BranchTracer

C++ Implementation of Branch Tracer.

• Copyright (c) 2019 YoungJoong Kim. tf-branch-malware is licensed under the MIT license.
• This repository aims to write branch based windows debugger.

Tested Environments

• Windows 10
• Visual Studio 2019

Usage

Compile solution with visual studio or msbuild.
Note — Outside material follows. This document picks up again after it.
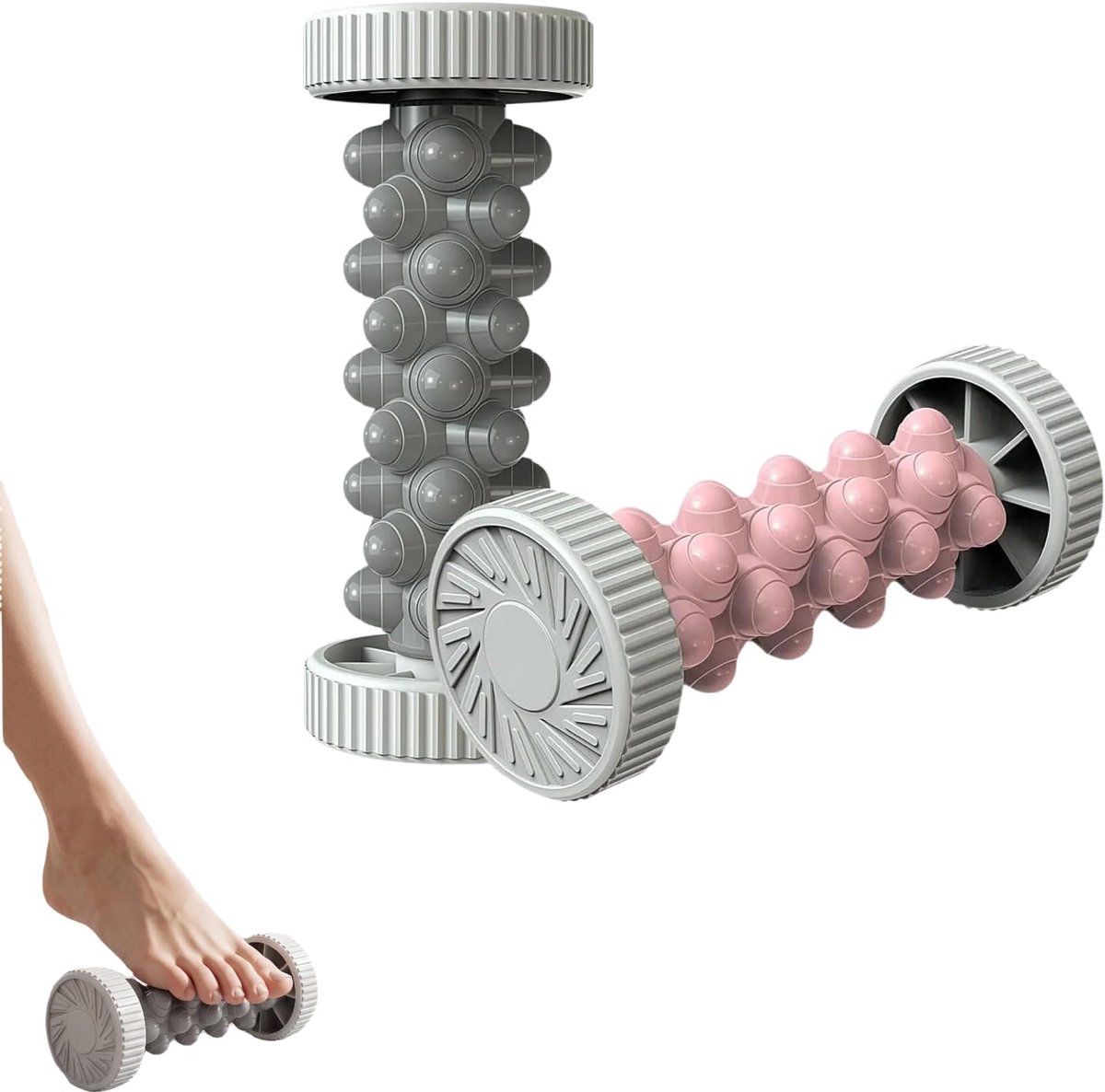 Voetmassageroller, 2 stuks fasciarol voet, mini fasciarol voor plantaire fasciitis, massage voor voeten en kuiten, ideaal voor yoga en fitness ontspanning (roze en grijs)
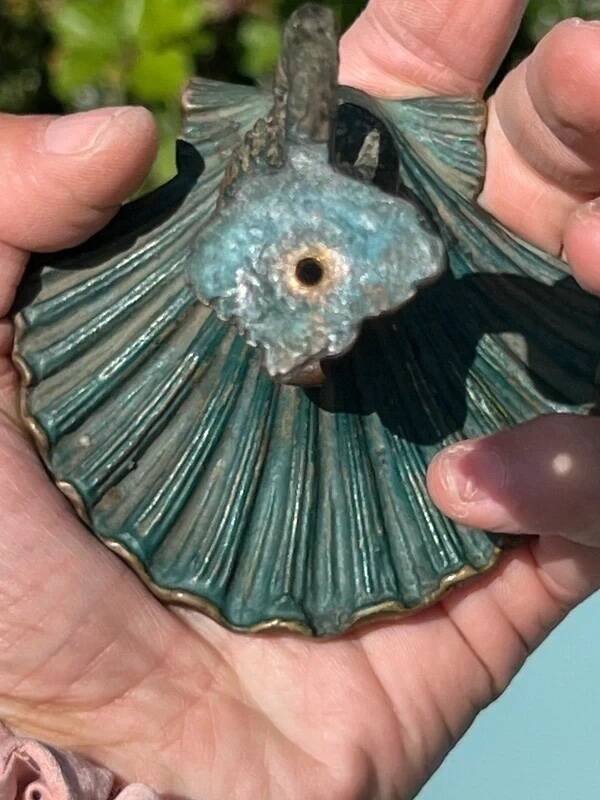 Antique candlestick base – stylised marine fish in patinated bronze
msbuild .\Brancher\Brancher.sln /p:configuration=Debug

Make log file on C:\dbg

mkdir C:\dbg
echo "" > C:\dbg\log.txt    # branch tracer open existing log file not creating new

Default is debug mode and it will run internet explorer as sample.

CTRL + F5 to run Helper on visual studio, or run on cmd.

cd .\Brancher\Brancher
..\x64\Debug\Helper.exe     # Helper run branch tracer based on relative path

On release mode, place Brancher.dll on C:\dbg\Brancher64.dll and target program on C:\dbg\sample.exe.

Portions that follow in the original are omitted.